WASHINGTON EXAMINER EDITORIAL

Supreme Court justices will be putting Big Labor under a microscope during their current term. The justices will hear cases dealing with issues ranging from President Obama’s abuse of his recess-appointment power to pack the National Labor Relations Board with pro-union activists, to Big Labor’s attempts to pressure businesses and local governments into forcing their employees to join favored unions.

It’s good news that Chief Justice John Roberts and his eight black-robed colleagues are doing this. If anything, the justices should have been bolder because union bosses are exempt from a surprising number of laws that apply to everyone else.

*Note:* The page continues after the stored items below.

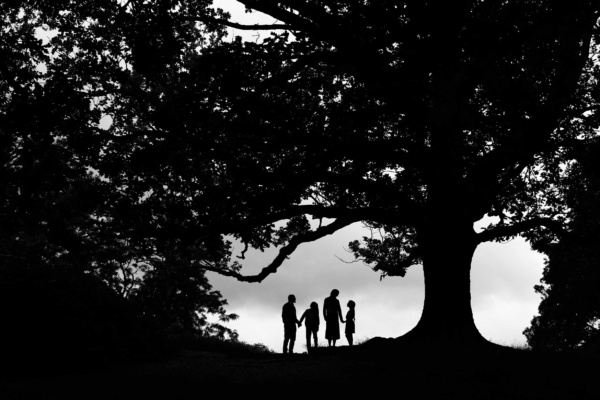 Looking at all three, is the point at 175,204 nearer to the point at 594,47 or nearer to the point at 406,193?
the point at 406,193

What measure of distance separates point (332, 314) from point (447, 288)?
4.44m

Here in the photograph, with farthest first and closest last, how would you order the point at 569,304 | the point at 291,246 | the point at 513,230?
the point at 569,304 → the point at 291,246 → the point at 513,230

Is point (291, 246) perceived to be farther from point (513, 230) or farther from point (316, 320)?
point (513, 230)

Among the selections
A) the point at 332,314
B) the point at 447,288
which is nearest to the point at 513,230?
the point at 447,288

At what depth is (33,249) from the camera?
36188mm

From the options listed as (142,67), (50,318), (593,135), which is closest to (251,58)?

One of the cases the justices have yet to hear is Ralphs Grocery Co. v. United Food and Commercial Workers. The case involves UFCW Local 8’s creation of a picket line directly in front of one of the nonunion chain’s stores in Sacramento. This went on, not for weeks or even months, but years.

Ordinarily, that would be trespassing, because the picket line was on Ralphs’ property. That is not the case in California, though, where the anti-trespassing law has a specific carve-out for unions. This covers not just business locations but private residences, too. Nevada has a similar exemption. In Pennsylvania and Illinois, unions are exempt from state anti-stalking laws. People who follow you home and lurk in front of your door are legally protected if they can claim they are engaged in union activity.

There are even more outrageous examples than that. As the Capital Research Center recently documented, Big Labor officials have often been able to wriggle free from extortion charges, thanks to the Supreme Court’s 1973 Enmons case. The case exempted most union activity from the Hobbs Act, the federal government’s main anti-racketeering law.

As in the trespassing and stalking laws, the legal theory is that organizing to form a union deserves special protection since many of the activities would otherwise fall under criminal laws. That’s not much comfort to Matt and Mike Pestronk, contractors whose use of non-union labor attracted the ire of the Philadelphia Building Trades Union. The Pestronks have had to deal with threats, assaults on their employees, and vandalism. It got so nasty that union activists covered one Pestronk building with pictures of Matt’s wife and various bathroom wall obscenities.

In Buffalo last year, union lawyers, aided by the AFL-CIO, cited the Enmons ruling to ward off charges in a case where a construction company owner was stabbed in the neck, among other outrages. The National Institute for Labor Relations Research has tallied 8,799 incidents of union violence between 1975 and 2007, only 3 percent of which resulted in convictions.

There are other exemptions, too. In a 1982 case, the Supreme Court ruled that federal whistleblower protection laws do not apply to union employees. As a result, they can be legally retaliated against for uncovering serious corruption. It is hard to see how any of these exemptions serve the cause of justice or workers’ rights. The Supreme Court should take a hard look at all of them.